Expectedly, the SC has accorded a great deal of importance to the sanctity of tariffs discovered through a competitive bidding process. The argument that an unprecedented rise in prices of imported coal including as a result of promulgation of Indonesian regulations had altered or taken away the fundamental basis of the PPAs and therefore, the doctrine of frustration contained in Section 56 of the Contract Act, 1872 would apply has been rejected. Following the approach adopted by the SC in Alopi Parshad v Union of India, (1960) 2 SCR 293, the SC held that the risk of abnormal rise in fuel prices in a tariff bid project remains with the generator.
The SC has also narrowed down the scope of ‘force majeure events’ covered in the PPAs. While agreeing that the definition of ‘force majeure’ in the PPAs was not an exhaustive provision, the SC held that a party’s performance being hindered by an unforeseen event will not necessarily rise to a force majeure event unless the same has partly prevented the party from performing its obligation. The expression ‘hindered’ in the force majeure clause needed to be construed with regard to the words that precede and follow it. When read with other sub-clauses, ‘hindered’ meant that the affected party must be partly prevented in performance of its obligation. As a result, the broader interoperation given by the APTEL to word ‘hindered’ to hold the promulgation of Indonesian Regulations as a force majeure event has been rejected.

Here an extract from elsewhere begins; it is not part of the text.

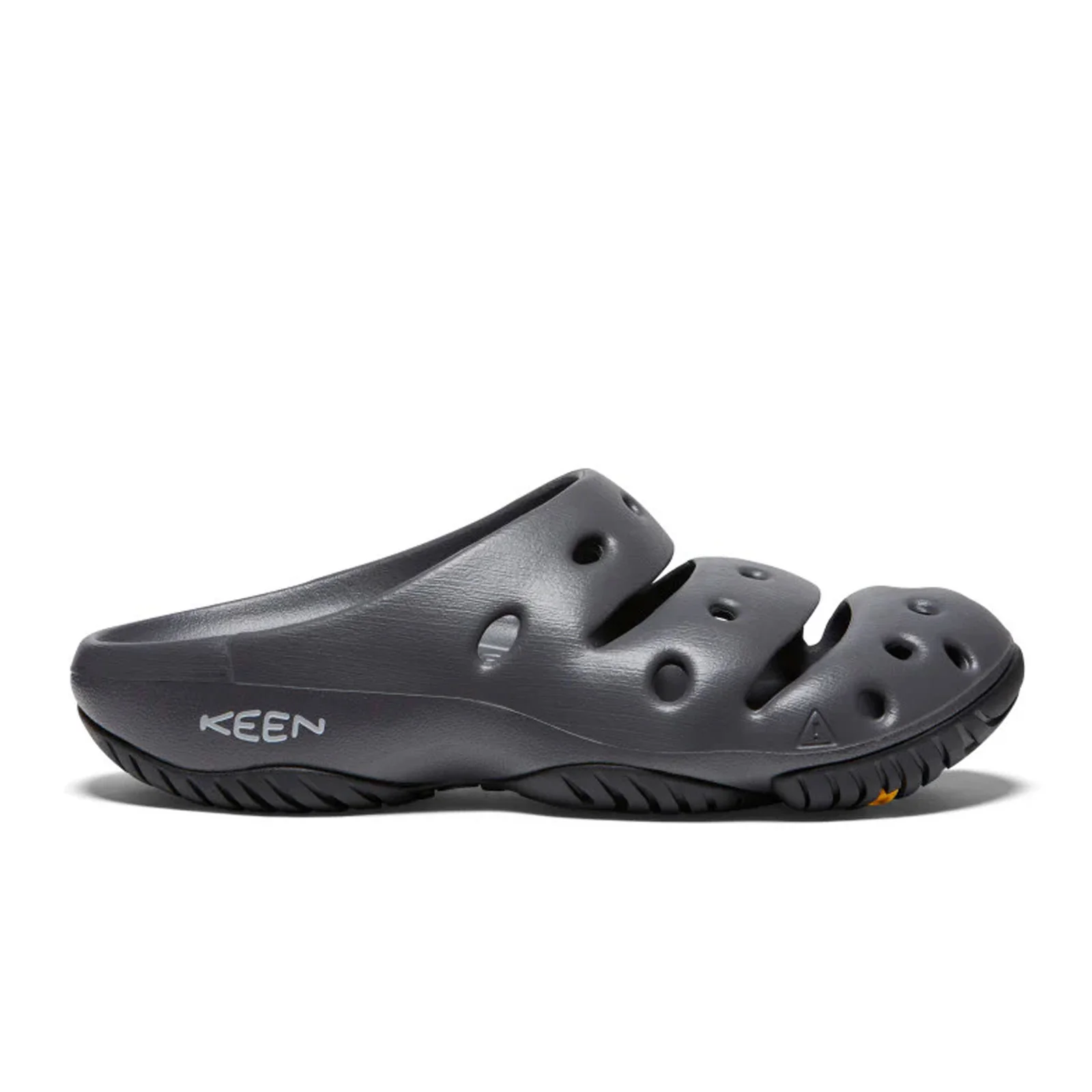 Keen Yogui Slide (Women) - Magnet/Black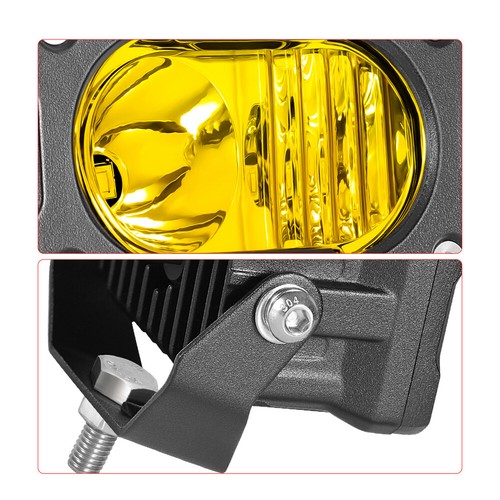 3inch LED Work Light Flood/Spot Cube Pods Bar Driving Fog Lamp Offroad Truck SUV - Picture 185 of 203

This judgment has far reaching implications for the existing and future tariff bid based PPAs in India. The power generators, especially those relying on imported coal, are not a happy lot. However, the judgment settles the legal position on the scope of regulatory powers and other related matters and this can certainly be termed as a step forward in the still nascent jurisprudence of electricity regulation in India.